[i-g-t,05/17] lib: Spin fast, retire early

Message ID	20180702090727.7721-5-chris@chris-wilson.co.uk (mailing list archive)
State	New, archived
Headers	show Return-Path: <intel-gfx-bounces@lists.freedesktop.org> From: Chris Wilson <chris@chris-wilson.co.uk> To: igt-dev@lists.freedesktop.org Date: Mon, 2 Jul 2018 10:07:15 +0100 Message-Id: <20180702090727.7721-5-chris@chris-wilson.co.uk> In-Reply-To: <20180702090727.7721-1-chris@chris-wilson.co.uk> References: <20180702090727.7721-1-chris@chris-wilson.co.uk> Subject: [Intel-gfx] [PATCH i-g-t 05/17] lib: Spin fast, retire early Precedence: list Cc: intel-gfx@lists.freedesktop.org MIME-Version: 1.0 Content-Type: text/plain; charset="utf-8" Content-Transfer-Encoding: base64 Errors-To: intel-gfx-bounces@lists.freedesktop.org Sender: "Intel-gfx" <intel-gfx-bounces@lists.freedesktop.org>

Chris Wilson July 2, 2018, 9:07 a.m.

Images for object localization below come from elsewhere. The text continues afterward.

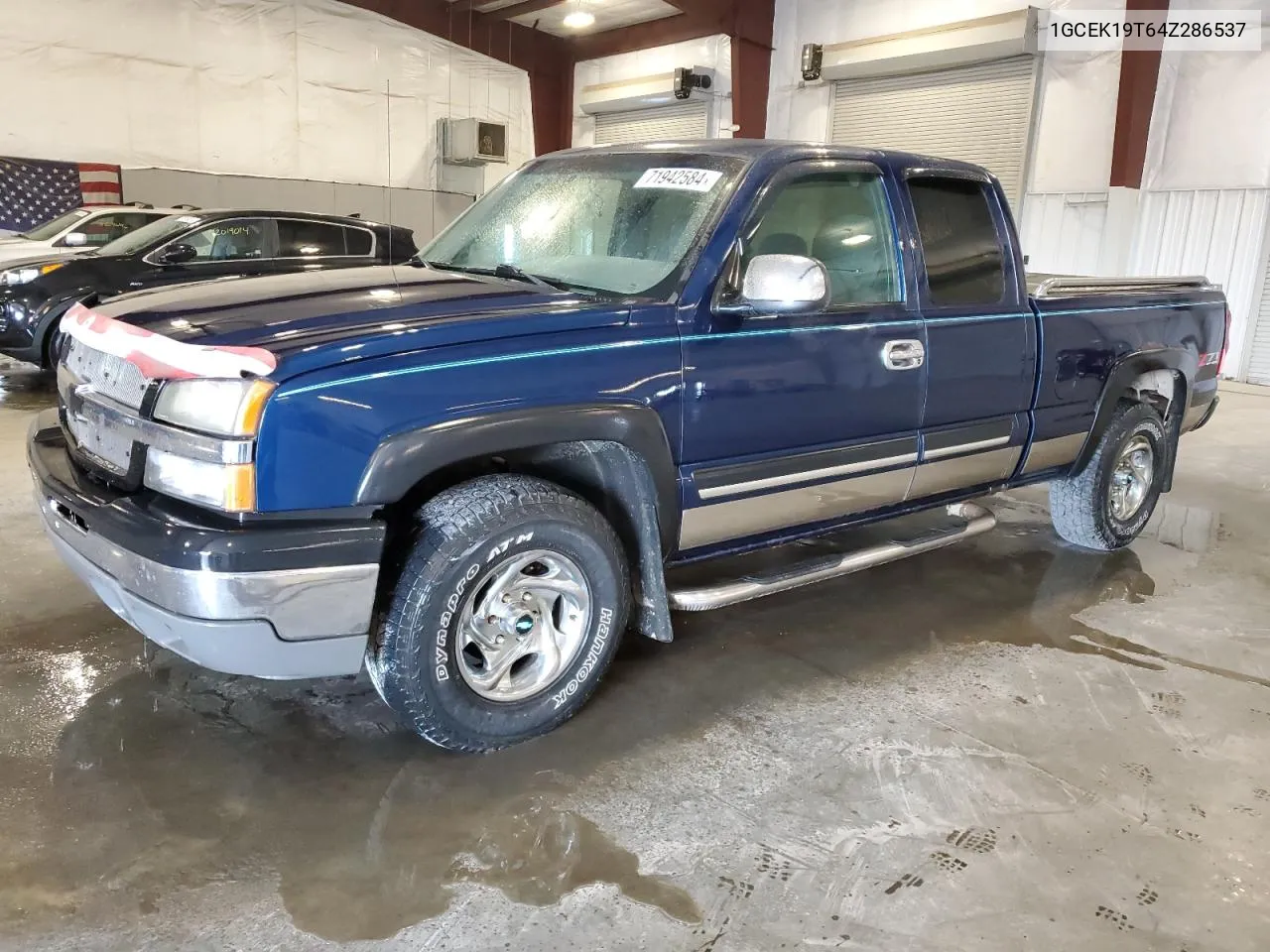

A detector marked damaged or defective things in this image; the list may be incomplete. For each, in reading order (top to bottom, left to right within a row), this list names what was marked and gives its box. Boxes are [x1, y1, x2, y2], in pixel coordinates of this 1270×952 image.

headlight damage [60, 305, 278, 515]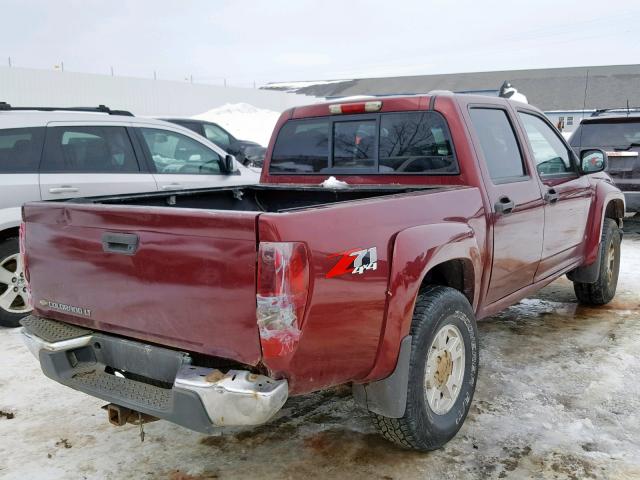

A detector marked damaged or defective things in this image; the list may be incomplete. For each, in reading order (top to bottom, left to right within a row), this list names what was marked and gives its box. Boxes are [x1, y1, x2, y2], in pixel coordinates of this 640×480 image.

damaged rear bumper [21, 316, 288, 434]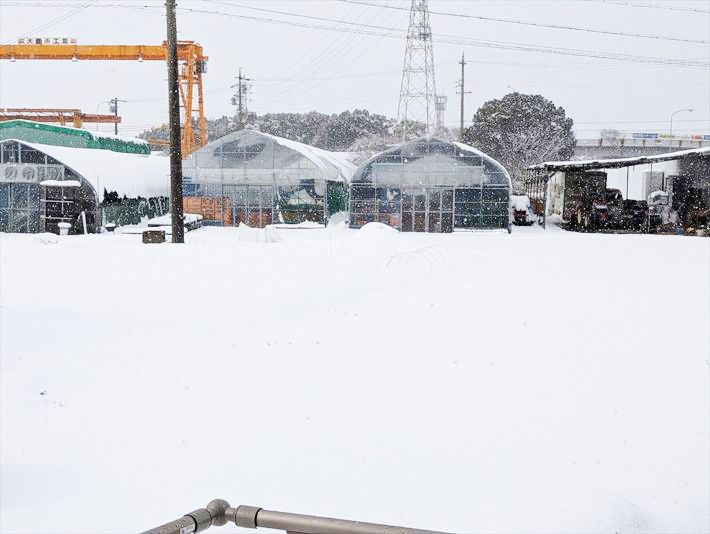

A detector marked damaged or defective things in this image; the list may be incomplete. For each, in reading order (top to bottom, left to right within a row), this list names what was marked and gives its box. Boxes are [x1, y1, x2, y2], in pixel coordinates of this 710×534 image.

rusty metal structure [0, 108, 119, 127]
rusty metal structure [1, 42, 209, 155]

UTC

When using the pollable spinner, we often want to use it as a means of
ensuring the task is running on the GPU before switching to something
else. In which case we don't want to add extra delay inside the spinner,
but the current 1000 NOPs add on order of 5us, which is often larger
than the target latency.

v2: Don't change perf_pmu as that is sensitive to the extra CPU latency
from a tight GPU spinner.

Signed-off-by: Chris Wilson <chris@chris-wilson.co.uk>
Reviewed-by: Antonio Argenziano <antonio.argenziano@intel.com> #v1
Reviewed-by: Joonas Lahtinen <joonas.lahtinen@linux.intel.com> #v1
Cc: Tvrtko Ursulin <tvrtko.ursulin@intel.com>
---
 lib/igt_dummyload.c       | 3 ++-
 lib/igt_dummyload.h       | 1 +
 tests/gem_ctx_isolation.c | 1 +
 tests/gem_eio.c           | 1 +
 tests/gem_exec_latency.c  | 4 ++--
 5 files changed, 7 insertions(+), 3 deletions(-)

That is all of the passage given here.